Every dollar of ‘at-risk’ funding should be easily identifiable, because all the dollars should be supplemental. But information on the school-level allocation of ‘at-risk’ funds is not made readily accessible in real time, and actual spending of ‘at-risk funds’ at the DCPS school level is not tracked. Of the $50.3 million that is supposed to follow DCPS students to their schools, only 59 percent ($29.8 million) was allocated in ‘at-risk eligible ways,’ according to Mary Levy’s latest analysis (Figure 2).[4]  The allocation of the other 41 percent ($20.5 million) of ‘at-risk’ funds could not be identified in the individual school budgets.[5] It is likely that a large share of these unaccounted for ‘at-risk’ funds are once again being used for functions that are required at all schools as part of DCPS’s staffing model, instead of supplemental services for the students who need them most. Even if every dollar of ‘at-risk’ money in the FY 2019 budget was allocated on targeted services as intended, these funds would remain far short of the levels recommended in the 2013 Adequacy Study.[6]

Figure 2.

School level leaders in both DCPS and public charters, alongside teachers and families, should be able to leverage ‘at-risk’ funds to serve their students’ specific needs in evidence-based ways. Whether school communities choose to use those funds on targeted supports or school-wide benefits, those resources should be supplemental.

Schools must be adequately funded so that basic needs are met, without having to tap ‘at-risk’ funds. Budget increases for DCPS and public charter schools in recent years have been arbitrary, and not connected to what it really costs to provide quality education.  Five years have passed since the 2013 Adequacy Study, and yet we still have not reached the level of resources it recommended, once adjusted for inflation– let alone the level needed to keep up with all of our system’s changing needs.  DC Council should allocate enough money in FY 2019 to revise the 2013 Adequacy Study and update our understanding of investments needed to support every school and ensure that we are meeting the needs of low-income students.

Read more about DCFPI’s FY 2019 education budget recommendations here.

[i] A projected 44,496 students in DC qualify for ‘at-risk’ funding in the 2018-2019 school year because they are a foster care student, experiencing homelessness, overage for their grade, or participate in SNAP or TANF, (DCPS FY 2019 Budget Chapter; PCS FY 2019 Budget Chapter)
[ii] In the District’s proposed Fiscal Year 2019 budget, there are $103.9 million ‘at-risk’ dollars for both DCPS and public charters overall.
[iii] These are scores in English Language Arts, (2016-17 PARCC Scores).
[iv] This is actually a conservative estimate.
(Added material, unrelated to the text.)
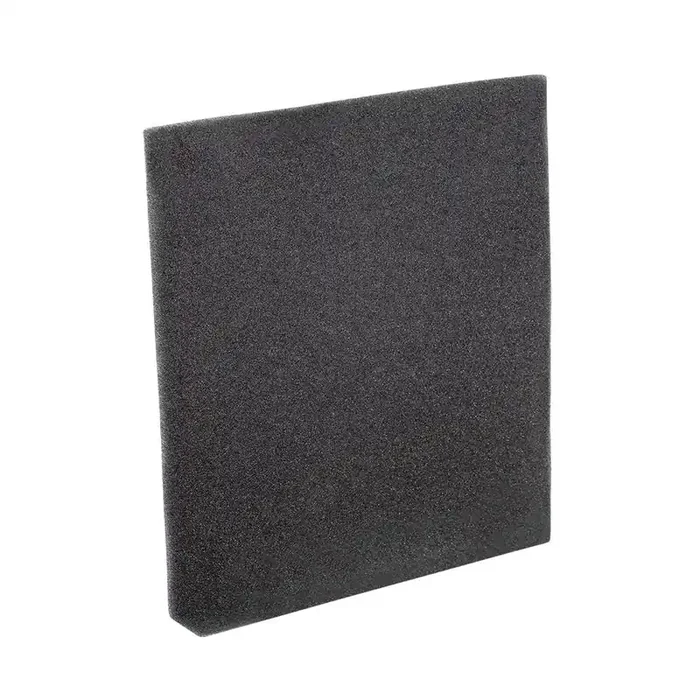 AD2000 Replacement Pre-Filter 3PK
It assumes that ‘at-risk’ funds are being used to support every staff person beyond those positions guaranteed to every school by the Comprehensive Staffing Model, when most schools should also have other pots to draw from, like Title I.
[v] DCPS FY19 Initial School Budget Allocations
[vi] With a weight of 0.37 as recommended in the 2013 Adequacy Study, qualifying students would have $3,943 in additional ‘at-risk’ funds, or $175.5 million total (based off of a projected ‘at-risk’ subpopulation of 44,496). That is $71.6 million more. If the ‘at-risk weight’ were increased as recommended, and all else remained the same, schools would have $71.6 million more ‘at-risk’ dollars (or $1,609 more per-student) to invest in supplemental services for students overall, than the current $103.9 million total in at-risk funds, (2013 Adequacy Study).